Copilot found a few things worth mentioning. I'll leave it to you to decide if any of these require changes.

[tarekgh]

re marked [Obsolete(MCP9005)] — see docs/list-of-diagnostics.md.

Note that I have the same diagnostic ID in my PR too #1651. If we want to have a different Ids, either you change it or I can change it in my PR. Let me know what work better for you.

[tarekgh]

On defaulting HttpServerTransportOptions.Stateless = true

Flagging the new Stateless = true default as the highest-impact change for existing AspNetCore server hosts: it silently disables server-initiated requests (sampling, elicitation, roots) and the SSE GET endpoint for any host that doesn't explicitly set Stateless = false. I want to suggest an alternative that removes the breaking change while keeping the draft/stateless direction for new code.

The statefulness decision is already per-connection

In StreamableHttpHandler.GetOrCreateSessionAsync, each new connection already branches on the peer:

• Draft request (MCP-Protocol-Version: 2026-07-28, no Mcp-Session-Id) is forced stateless via forceStateless: true, ignoring the option.
• Everything else (legacy initialize) uses HttpServerTransportOptions.Stateless.

So the server can already tell a draft peer from a legacy peer at session-creation time (the draft header is absent on a legacy initialize). The static = true default only changes the legacy branch, which is exactly the branch that breaks existing consumers.

Suggestion: an auto-default keyed to the negotiated revision

Make Stateless a bool? defaulting to null meaning "auto":

• Draft peer -> stateless (as today).
• Legacy peer -> stateful (preserves back-compat).
• Explicit true/false still overrides in either direction.

This reuses the dispatch hook that already exists, makes the breaking change disappear for legacy server hosts, and still defaults new draft clients to the sessionless model. The cost is that bool -> bool? is itself a (smaller, source-compatible) API change, and "auto" is slightly less obvious to reason about than a fixed bool.

Alternative: default from the server's own capabilities

Default stateless only when the server has nothing that needs a back-channel (no sampling/elicitation/roots handlers, no IdleTimeout/EventStreamStore), and default stateful otherwise.
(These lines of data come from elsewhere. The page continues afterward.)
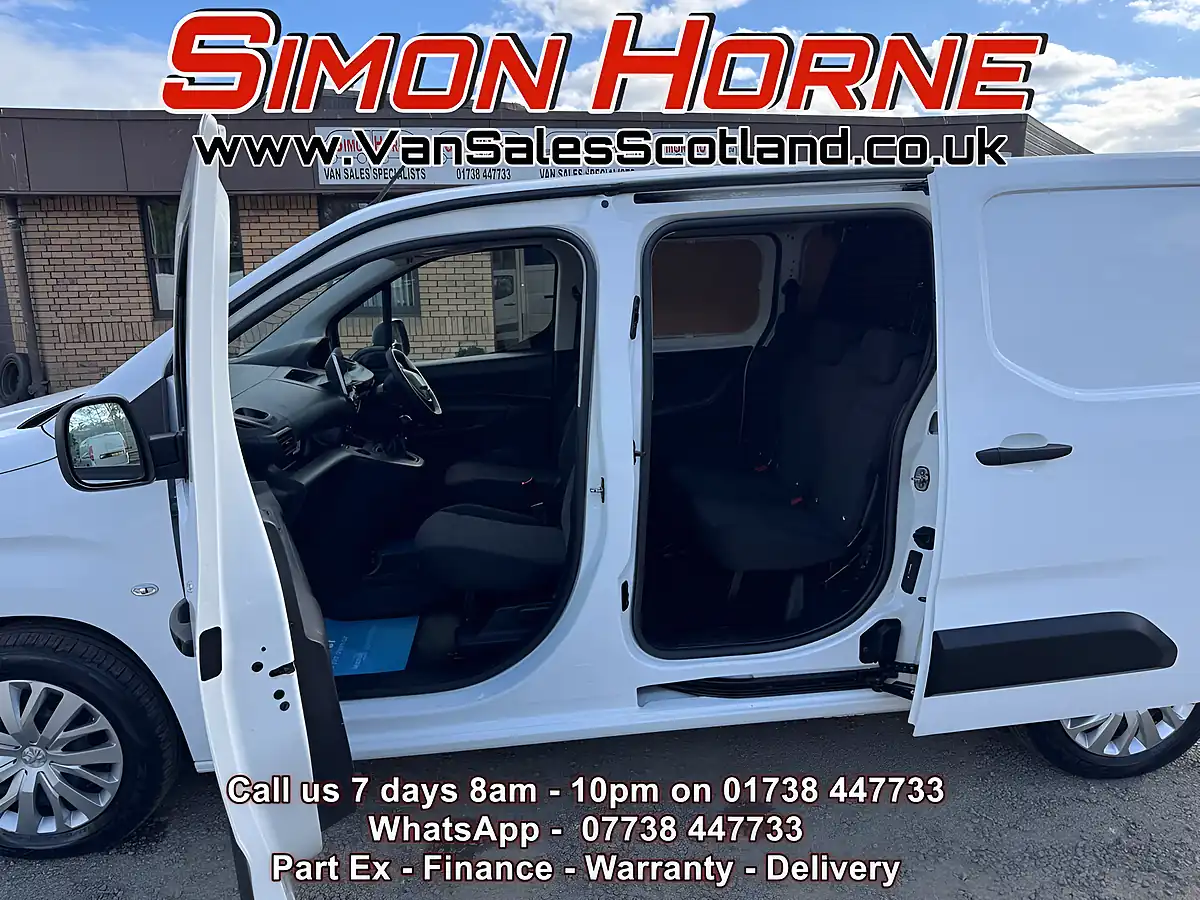 Used 2021 Peugeot Partner Professional Premium - Interior and Exterior details 12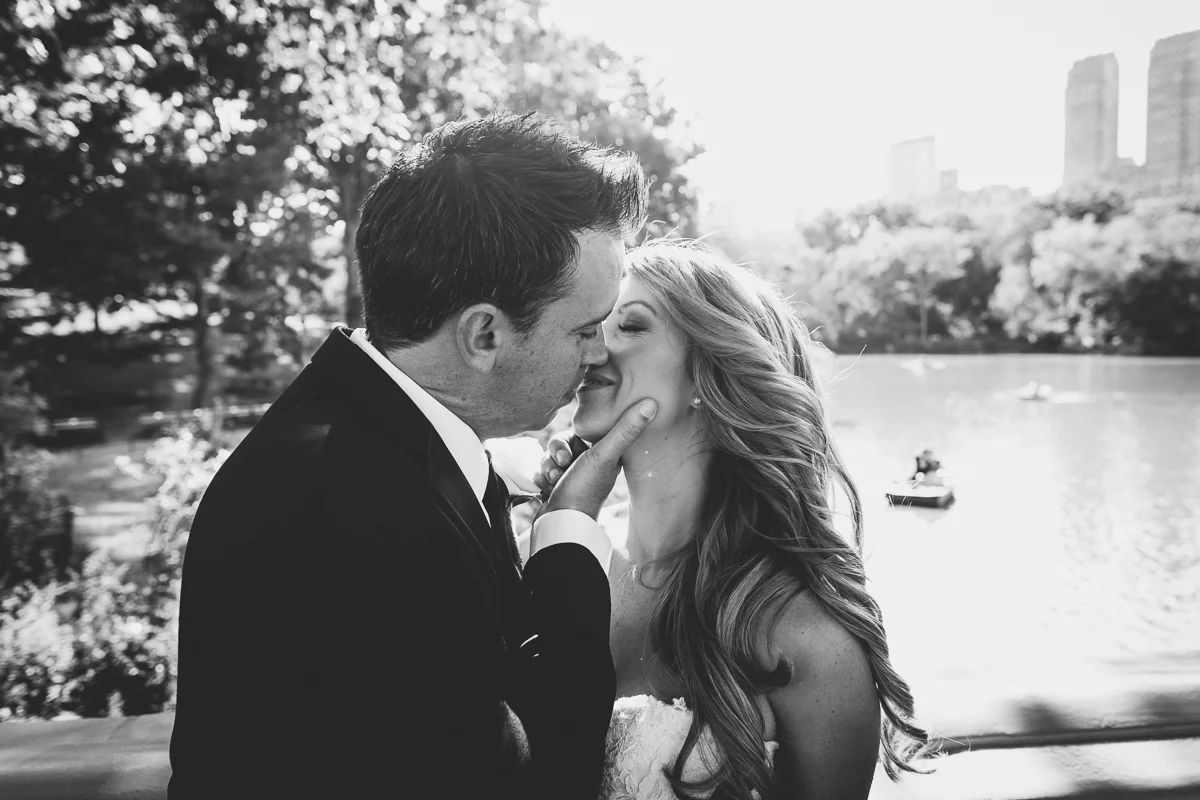 New-York-Central-Park-Loebs-Boat-House-NYC-Documentary-Wedding-Photographer-28.jpg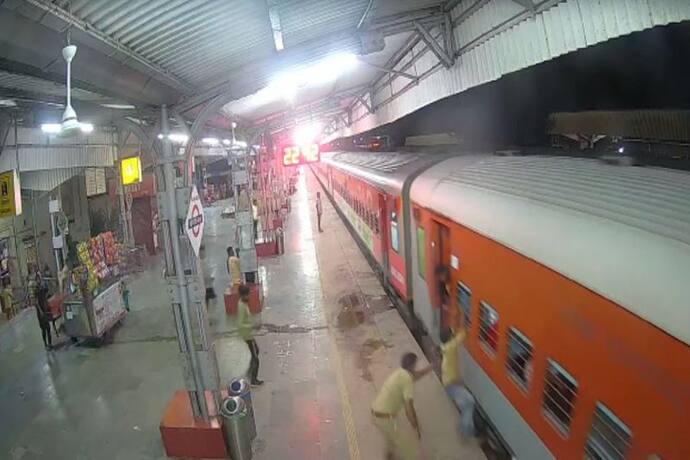 श्रीगंगानगर में चलती ट्रेन से गिरा युवक, वीडियो में देखिए GRP के जवान ने कैसे बचाई जान 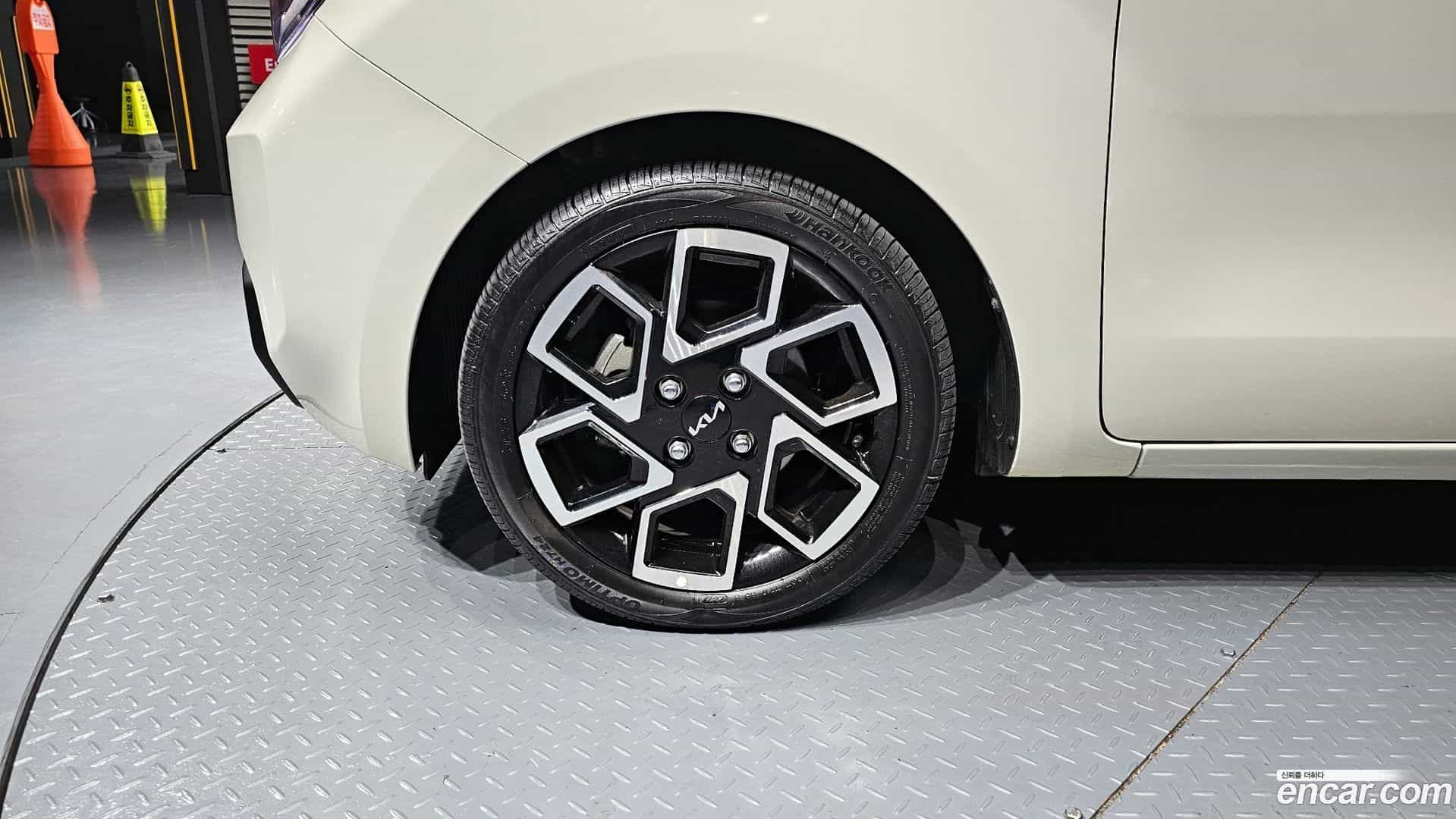 RAY Kia 2023.6-OUTER-005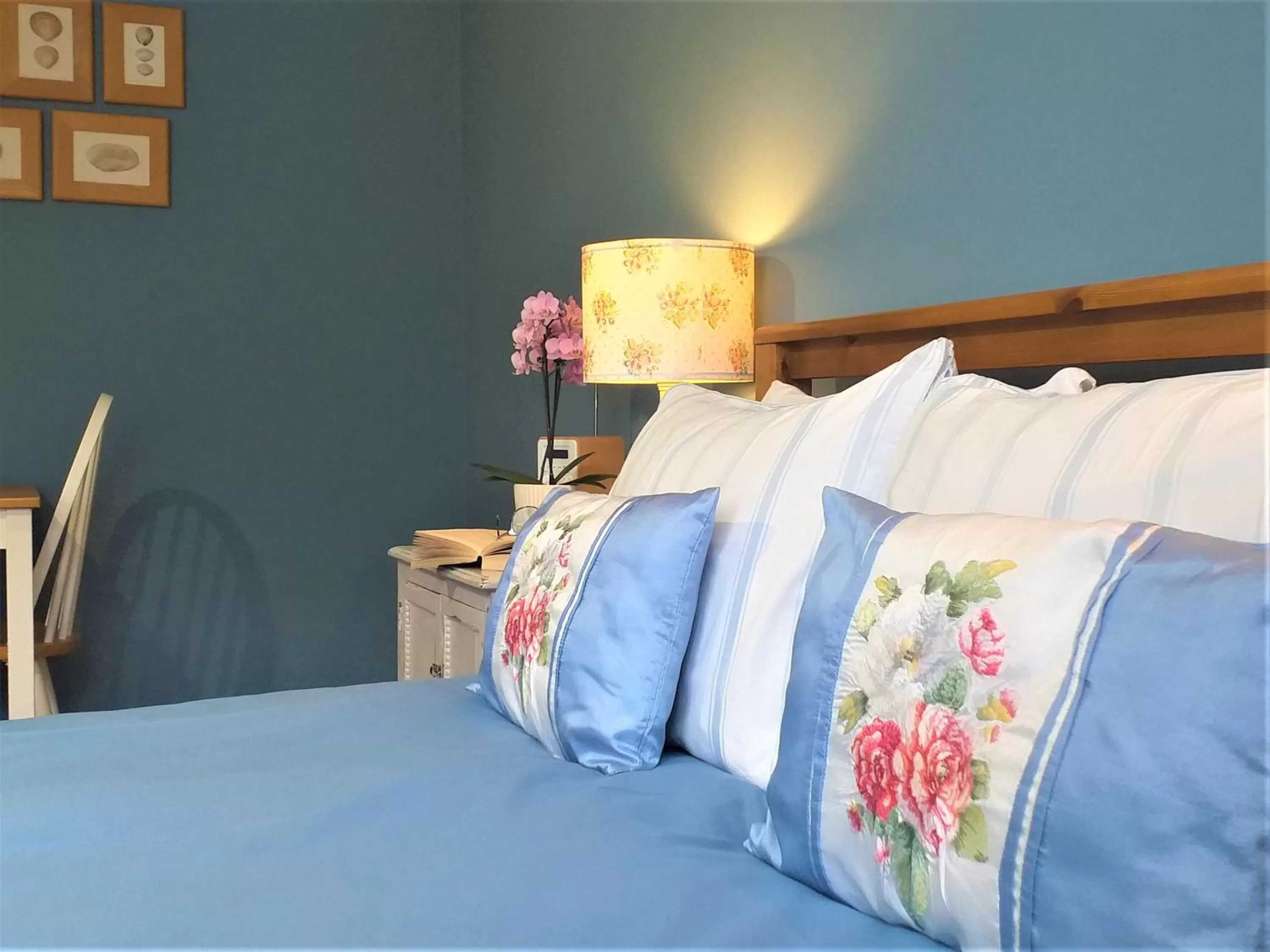 Bedroom in Lobhill Farmhouse Bed and Breakfast and Self Catering Accommodation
This is closer to "does this server need server-initiated requests," but it can still surprise a host that relies on session-scoped state (per-session DI, idle eviction) without using bidirectional features.

Tradeoff summary

• Static true (current PR): simplest, pushes the ecosystem hardest toward stateless, at the cost of a real breaking change for legacy server hosts.
• bool? auto-default keyed to the peer revision: removes the breaking change, matches the per-request model already in the handler, best balance in my opinion.
• Capability-based default: intent-aware, but can silently drop session-scoped behaviors that don't involve a back-channel.

My preference is the bool? auto-default.

[tarekgh]

I have added a few comments will be good if you consider them. LGTM otherwise.